こんなふうにして父が運転できるようになりますと、次兄、つまり包装用品販売事業の経営者である社長は、父に配達を任せるようになります。自分が出歩いて店番を小僧にさせるよりは、自分が店にいてしっかりとものの出入りを管理した方がいいわけです。事務仕事もたくさんあるわけですからね。そこで父はオート三輪に乗り、あちこちと配達に出かける。当時、闇物資が統制を外れて流通し、政府がそれを何とか管理しようとしていた時代です。ですのであちこちに検問がある。大和川を越えて配達に行き、そして戻ってくるときに検問に引っかかる。父は無免許ですから、捕まるわけにいきません。しかし、警察官の方は免許があるかどうかなんてことは全然問題にしない。オート三輪の荷台を見て、闇物資が載っていないことを確かめるだけです。父は包装材を扱ってる会社のものですから、別に食料品のような闇物資を運んでるわけじゃありません。ですので荷台の中身をチラッと改めた警察官は、さっさと行けと検問を通過させてくれる。無免許であっても検問を難なく抜けられたのどかな時代でもあったそうです。 
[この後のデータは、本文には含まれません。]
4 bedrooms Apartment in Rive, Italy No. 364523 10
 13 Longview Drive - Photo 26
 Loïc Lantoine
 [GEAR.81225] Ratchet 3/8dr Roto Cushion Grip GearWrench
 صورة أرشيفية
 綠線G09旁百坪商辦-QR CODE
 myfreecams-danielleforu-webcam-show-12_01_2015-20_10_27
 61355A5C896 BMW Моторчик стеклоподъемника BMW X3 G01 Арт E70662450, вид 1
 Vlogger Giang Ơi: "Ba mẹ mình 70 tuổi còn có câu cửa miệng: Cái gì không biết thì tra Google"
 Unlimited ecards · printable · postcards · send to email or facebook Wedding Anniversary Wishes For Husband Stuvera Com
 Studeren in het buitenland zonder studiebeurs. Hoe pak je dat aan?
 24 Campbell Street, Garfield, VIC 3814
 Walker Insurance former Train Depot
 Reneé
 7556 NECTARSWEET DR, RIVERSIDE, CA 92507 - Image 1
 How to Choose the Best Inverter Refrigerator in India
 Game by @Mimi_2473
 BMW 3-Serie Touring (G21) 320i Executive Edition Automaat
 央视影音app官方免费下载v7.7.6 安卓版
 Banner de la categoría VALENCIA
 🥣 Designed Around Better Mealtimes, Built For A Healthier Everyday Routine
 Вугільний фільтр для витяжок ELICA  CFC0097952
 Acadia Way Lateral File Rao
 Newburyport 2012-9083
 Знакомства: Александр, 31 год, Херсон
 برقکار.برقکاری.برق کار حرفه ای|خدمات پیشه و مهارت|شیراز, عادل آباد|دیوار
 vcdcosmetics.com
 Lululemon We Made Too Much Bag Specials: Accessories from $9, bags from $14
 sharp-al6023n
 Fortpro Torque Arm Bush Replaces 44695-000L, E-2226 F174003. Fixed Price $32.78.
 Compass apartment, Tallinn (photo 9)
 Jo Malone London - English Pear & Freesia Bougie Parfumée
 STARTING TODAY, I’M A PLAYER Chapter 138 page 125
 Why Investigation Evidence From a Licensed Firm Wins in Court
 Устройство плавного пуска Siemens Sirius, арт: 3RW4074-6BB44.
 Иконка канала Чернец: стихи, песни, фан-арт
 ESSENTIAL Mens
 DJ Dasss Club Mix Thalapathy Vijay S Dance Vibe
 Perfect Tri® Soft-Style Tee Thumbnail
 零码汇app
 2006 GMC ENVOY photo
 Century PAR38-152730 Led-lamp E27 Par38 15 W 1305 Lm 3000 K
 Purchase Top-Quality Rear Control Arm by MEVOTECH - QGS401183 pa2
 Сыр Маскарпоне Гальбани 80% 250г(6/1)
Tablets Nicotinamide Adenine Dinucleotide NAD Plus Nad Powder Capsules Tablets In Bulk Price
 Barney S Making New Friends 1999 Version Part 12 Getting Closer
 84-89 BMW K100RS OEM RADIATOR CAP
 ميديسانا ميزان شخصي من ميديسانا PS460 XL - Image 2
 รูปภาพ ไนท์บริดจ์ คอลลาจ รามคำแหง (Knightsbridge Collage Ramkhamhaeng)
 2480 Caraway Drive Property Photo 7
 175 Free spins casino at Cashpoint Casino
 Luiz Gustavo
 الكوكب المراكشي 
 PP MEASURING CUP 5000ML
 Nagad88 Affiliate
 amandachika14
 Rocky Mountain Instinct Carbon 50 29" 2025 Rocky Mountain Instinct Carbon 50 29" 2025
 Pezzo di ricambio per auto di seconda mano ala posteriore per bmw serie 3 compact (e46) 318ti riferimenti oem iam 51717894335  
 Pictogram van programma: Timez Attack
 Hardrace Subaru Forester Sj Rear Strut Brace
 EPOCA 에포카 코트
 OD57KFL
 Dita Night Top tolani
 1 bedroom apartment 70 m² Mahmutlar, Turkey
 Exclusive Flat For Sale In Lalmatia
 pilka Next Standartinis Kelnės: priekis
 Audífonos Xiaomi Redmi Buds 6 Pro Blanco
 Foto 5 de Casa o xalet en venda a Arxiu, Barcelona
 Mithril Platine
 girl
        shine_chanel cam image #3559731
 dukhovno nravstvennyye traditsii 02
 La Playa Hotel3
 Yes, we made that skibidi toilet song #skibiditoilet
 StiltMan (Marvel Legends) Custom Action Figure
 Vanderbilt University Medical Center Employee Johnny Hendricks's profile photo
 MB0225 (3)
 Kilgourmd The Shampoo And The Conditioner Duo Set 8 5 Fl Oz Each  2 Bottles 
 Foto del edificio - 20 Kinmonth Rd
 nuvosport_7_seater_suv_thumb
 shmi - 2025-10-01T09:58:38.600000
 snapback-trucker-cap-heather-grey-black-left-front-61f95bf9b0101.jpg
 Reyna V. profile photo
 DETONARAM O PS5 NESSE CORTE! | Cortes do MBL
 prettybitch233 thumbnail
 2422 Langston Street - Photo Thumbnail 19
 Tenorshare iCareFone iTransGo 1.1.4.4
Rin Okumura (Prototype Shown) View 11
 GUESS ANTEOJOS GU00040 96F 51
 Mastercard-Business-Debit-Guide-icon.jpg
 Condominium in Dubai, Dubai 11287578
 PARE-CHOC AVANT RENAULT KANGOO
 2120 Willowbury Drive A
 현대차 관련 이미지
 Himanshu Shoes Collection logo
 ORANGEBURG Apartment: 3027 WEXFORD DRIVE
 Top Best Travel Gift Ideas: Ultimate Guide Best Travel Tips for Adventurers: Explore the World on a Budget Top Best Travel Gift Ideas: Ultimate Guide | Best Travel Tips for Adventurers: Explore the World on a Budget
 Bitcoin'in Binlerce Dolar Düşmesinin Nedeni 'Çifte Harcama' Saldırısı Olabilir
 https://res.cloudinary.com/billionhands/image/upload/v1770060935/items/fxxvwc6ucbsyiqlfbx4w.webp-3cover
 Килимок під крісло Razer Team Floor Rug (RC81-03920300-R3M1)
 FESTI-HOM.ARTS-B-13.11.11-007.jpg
ちなみに、やや後になって父は改めてきちんと免許をとるのですが、無免許ながら毎日のように運転しているわけですから、当然、一発で実技試験に通ったそうです。その頃は学科試験らしいものも特になかったそうです。ですので、自動車学校にも行かずに免許をとった。しかも、その時代の免許は最強で、後の法改正のたびにランクが上がり、最終的には大型免許にまで大化けしていました。晩年になっても無事故無違反のゴールド免許で、やっぱり叩き上げは強もんだなと思います。

百姓から商売人へ

飴をつくる朝鮮人業者に薪を運ぶ仕事をしはじめた父です。この仕事、事業としては次兄のもので、父は単なる使い走りです。それがどういうふうに始まったのか、想像ですけれども、おそらく飴の原料となる米を闇で農村に買いつけに来た飴屋が、ついでに薪はないかと尋ねた、というようなことから始まったんじゃないでしょうか。戦争直後の混乱の時期ですから、誰しもが何か稼ぎの口を求めていました。とにかく自分にできることを見つけ、うまく立ち回って少しでも稼ぐ、そして少しでも楽になろうという風潮があった時代です。次兄も米はないかと言われれば闇で流せる分は流す、薪はないかと言われればなんとかして手に入れて薪を出す。近くに松林があったわけですから、その松を──合法なのかどうかはよくわかりませんけれども──薪としてどんどんどんどん出していく。そんな中で今度は飴屋から飴を包む紙はないか、包装紙はないかと言われたそうです。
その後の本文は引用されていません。